先輩とアルクェイドが削った絨毯はそのままだけど、家具とかは元に戻されてはいたんだけど。直されたソファーに優雅に座って、お茶を啜っている黒い服と長い黒髪には見覚えが有りすぎていた。
「な、な、な、な!?」
「やっほー、志貴君」
「何であんたがここにいるんだ!?」
震える指が指す方向にはヒラヒラと手を振るアルトルージュ・ブリュンスタッドが座っていた。
「いやー、実は帰りの飛行機の時間に間に合わなくって。年末だから旅行客とかが色々と予約とか入れてあってね。帰るに帰れないのよ」
「な、何をそんな庶民じみた理由を……」
あんた、お姫様じゃないのか?
「今はキャンセル待ち中なのよ。チケットが取れる間、しばらくご厄介にさせてもらうことにしたの」
「秋葉。お前、許可したのか?」
「ええ。お話を聞いていても、素晴らしい方だと思いますし、何より危害を加えないと約束してくださいましたので」
「翡翠……!」
「物を壊さなければ、わたしは誰であろうとも歓迎いたします」
「琥珀さん!」
「あはー。まあまあ、お部屋はあまっているんですし。何より誰にも迷惑をおかけするわけでもないんですから」
やっぱり、俺はこの家での発言権はないらしい。
女性陣が納得していることを、俺がいくら喚いたところで覆るわけがない。
ここは納得できないけど納得するしかないようだ。
「……どうなっても知らないからな」
「秋葉様ー。志貴さんのご了解を得ましたー」
「よろしい。と言うわけで、問題事項も片づきました」
「ええ、ありがとうね。少しの間だと思うけどお世話になるわ」
「……アルクェイドに知られるのは……今夜辺りかなー」
はは。俺が金色の瞳とでっかい銃器で脅されてるのが目に浮かぶよ。
「そう言うときになったら、助けてあげるわよ」
「また、ややこしいことが増えたなぁ」
こうして、しばらくの間、アルトルージュさんが遠野家に居候することになった。
――ちなみに。
またしても、俺の部屋に遊びに来たアルクェイドは、敏感にもアルトルージュさんの気配を察知して、大乱闘を展開。

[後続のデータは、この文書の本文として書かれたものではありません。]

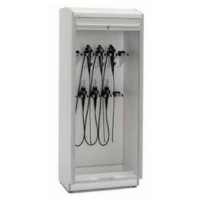 Inner Space # 3860AA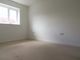 Thumbnail Property to rent in Osprey Drive, Corby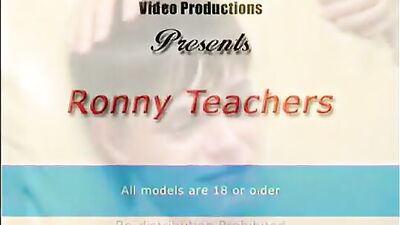 Brian555 Young and old.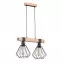 Luster Fibia 62000 LW2,2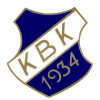 Kullavägens BK - Logo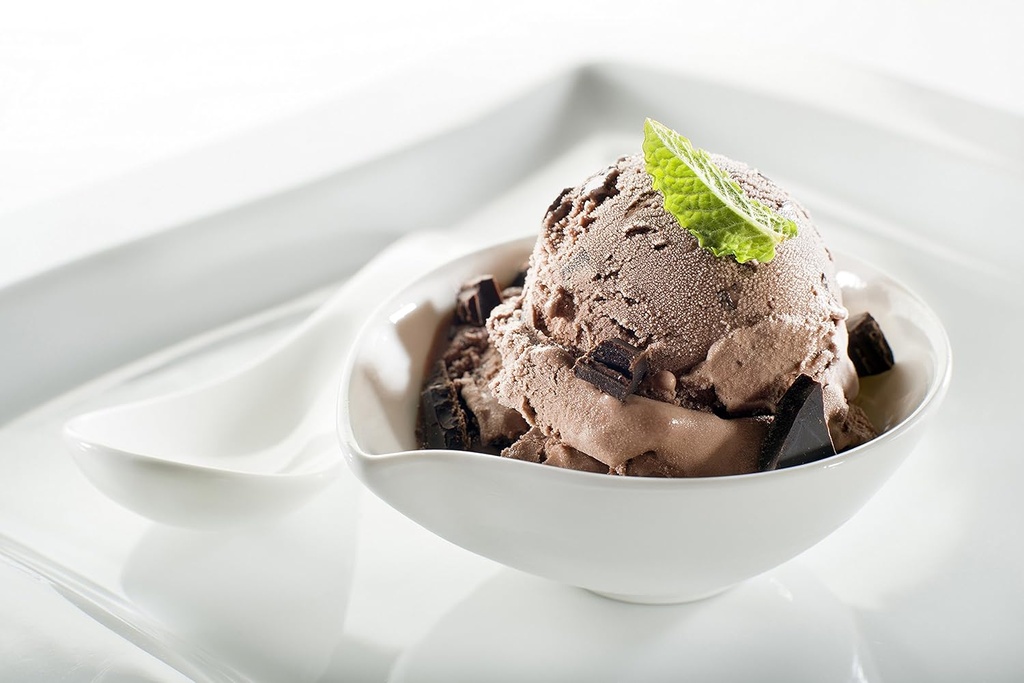 nostalgia-isk3-premium-ice-cream-starter-4.jpg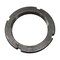 Caterpillar NUT SHAFT MSR100X2, CATERPILLAR OEM 109705 109705 - alternate 2
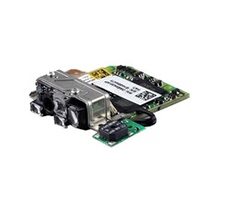 Hp Lecteur De Codes Médicaux Pour Lecteur De Code À Barres Sps-Bd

遠野家の一部を破壊して秋葉の説教を二人して喰らっていた。
二人並んで正座して神妙に聞いている姿は、姉妹だなと思わせる物だったことを追記しておく。
最後に。
俺は琥珀さんの奸計により、二人の乱闘の中に放り込まれて、毎度の如くベットで寝込んでいた。
だから、どうして俺はいつもこういう役回りなんだろうか。